Anteontem me bateu um desespero. Já havia 3 dias que tua febre não passava. Eu já sabia que a vacina que tu havias tomado (a Hexavalente) causava essas reações, mas mais que 48 horas já era além do comum. Podia ser por um monte de outras razões: o dente que estava nascendo, um resfriado (muito comum no outono), ou simplesmente uma reação a qualquer um dos novos remédios. Mas não. Não bastava nossa inexperiência como pais para nos confundir, tínhamos ainda que lidar com um rim crescendo, com uma hidrocele gigante e ainda com uma pandemia.

Há alguns dias (27/01) teu primo e melhor amigo, Antônio, nasceu. Por causa deste momento de isolamento social, vocês ainda não puderam brincar juntos. Sim meu filho, você nasceu dois meses e meio antes do surgimento de uma nova doença infecciosa que se espalhou pelo mundo rapidamente e fez tudo parar. As escolas suspenderam as aulas, o transporte público deixou de funcionar, o comércio todo fechou, as indústrias pararam de fabricar e ninguém saia de casa.


Esse é aquele tipo de doença que todos pegam ou pagarão, alguns morrem e todos os sobreviventes se tornam imunes, mas o maior risco de morte estava concentrado no grupo de pessoas com pressão alta, doença cardíaca, diabéticos e doentes renais. Isso te coloca mais uma vez em risco de vida.


Com isso, nós três nos fechamos totalmente em casa, saindo somente para rotinas médicas. Nem tuas tias, tio e primos podiam chegar perto de nós. Não sei por quanto tempo isso ainda vai ser assim (estamos esperando uma vacina ser desenvolvida, surgiu nesta semana uma na Alemanha e outra na Inglaterra), mas já estamos há pelo menos dois meses em isolamento.


Neste momento, conseguimos compreender como somos privilegiados por, além de te ter em nossa família, ter estabilidade financeira, alguma reserva de investimentos que nos dão tranquilidade por um tempo, carreiras bem sucedidas, uma casa muito boa em um sítio que nos dá espaço para nos sentirmos muito bem, mesmo em confinamento.


Todos os dias você pede para passear no sítio. Teu lugar preferido é uma espreguiçadeira de balanço que fica embaixo de uma frondosa mangueira. Você fica sorridente ao olhar para cima vendo a árvore e nela os saguis que se alimentam das flores da mangueira.

Esse é um momento feliz e tenso para nós. É contraditório sim, mas ao mesmo tempo que percebemos como tudo está tão bem, tudo também está ameaçado.


Sentimos que o mundo pode mudar com essa parada que deu.

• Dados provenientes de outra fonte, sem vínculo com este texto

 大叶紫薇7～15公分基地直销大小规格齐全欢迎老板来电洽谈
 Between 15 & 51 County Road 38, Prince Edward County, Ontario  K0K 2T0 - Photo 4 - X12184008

Sentimos que a doença pode nos alcançar. Sentimos que ainda vai ficar pior. Mas sentimos que estamos te cuidando muito bem e que estás muito feliz.


É angustiante ver tua febre, tua falta de apetite ou tua respiração contida e não saber se é normal de qualquer bebê, se é por causa do tamanho do rim, se é COVID-19 ou se não é nada.


Seguimos nosso dia-a-dia, nos permitindo sentir tudo, curtindo cada felicidade e enfrentando cada angústia e isso foi uma incrível surpresa. Nós três estamos amadurecendo.